- **Work request**
Leave out every picture, and restate word for word only the lines from the one containing "Sexy Spaghetti Sequin Prom Maxi Dress M01760" through the end of the material.

- **Dataset section**
▼
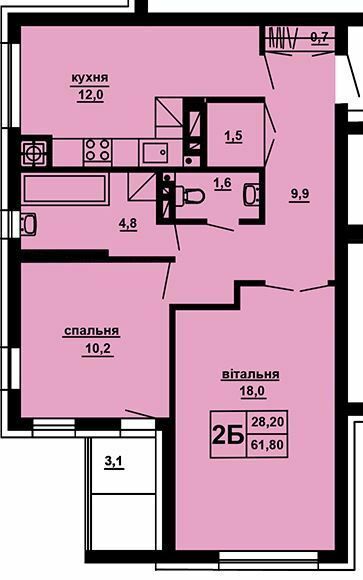2-кімнатна 61.8 м² в ЖМ Beverly Hills від 13 750 грн/м², Тернопіль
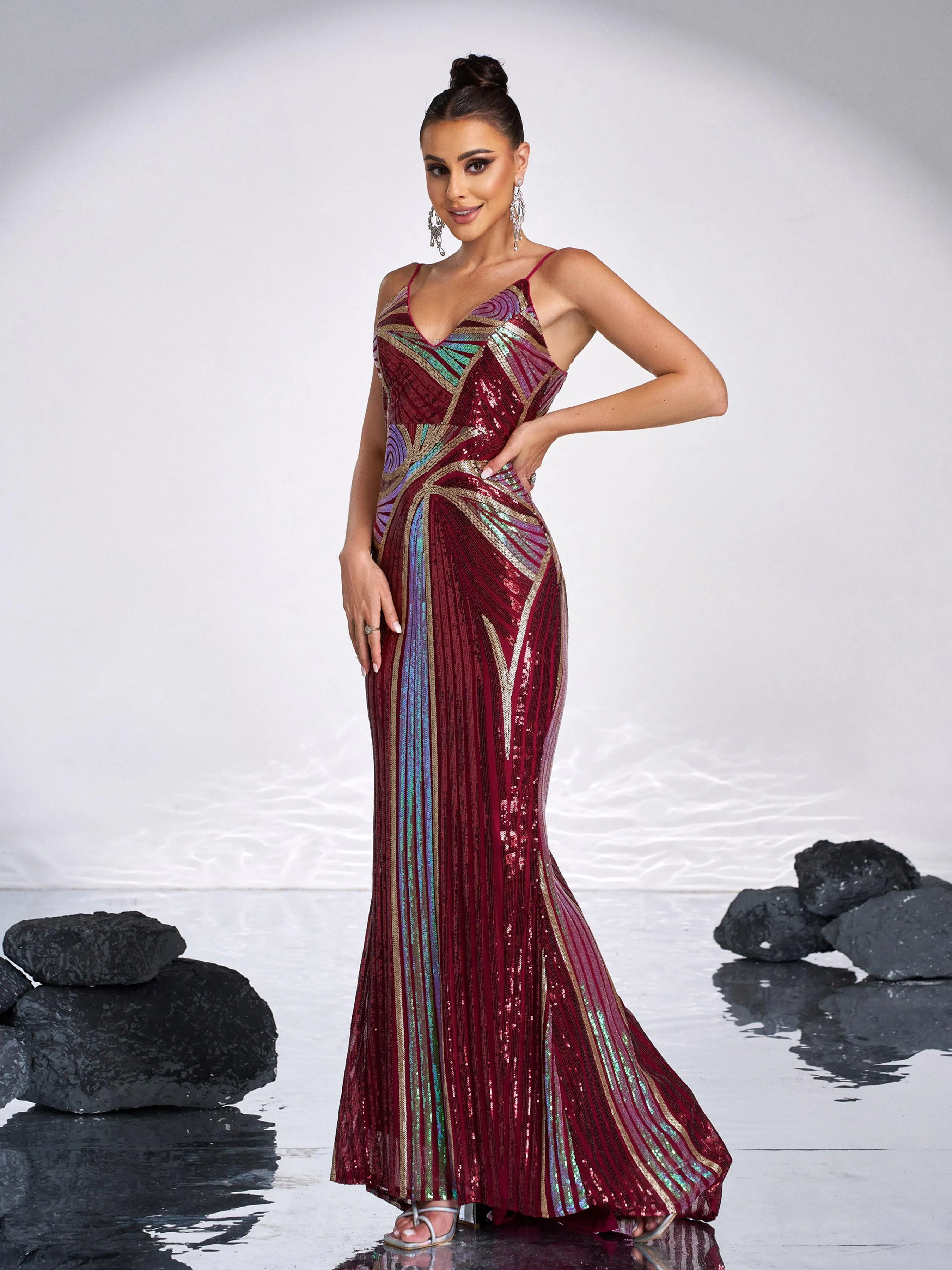 Sexy Spaghetti Sequin Prom Maxi Dress M01760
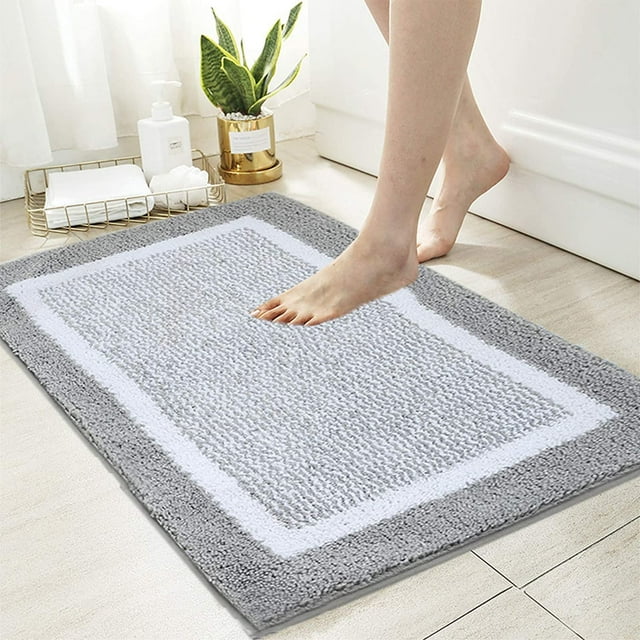 Microfiber Bath mats Absorbent Bathroom Shower Mats Washable Bathroom Rug Set Non Slip Carpet Mat for Bathroom Bedroom Kitchen Entrance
▲
- **Your solution**
 Sexy Spaghetti Sequin Prom Maxi Dress M01760
 Microfiber Bath mats Absorbent Bathroom Shower Mats Washable Bathroom Rug Set Non Slip Carpet Mat for Bathroom Bedroom Kitchen Entrance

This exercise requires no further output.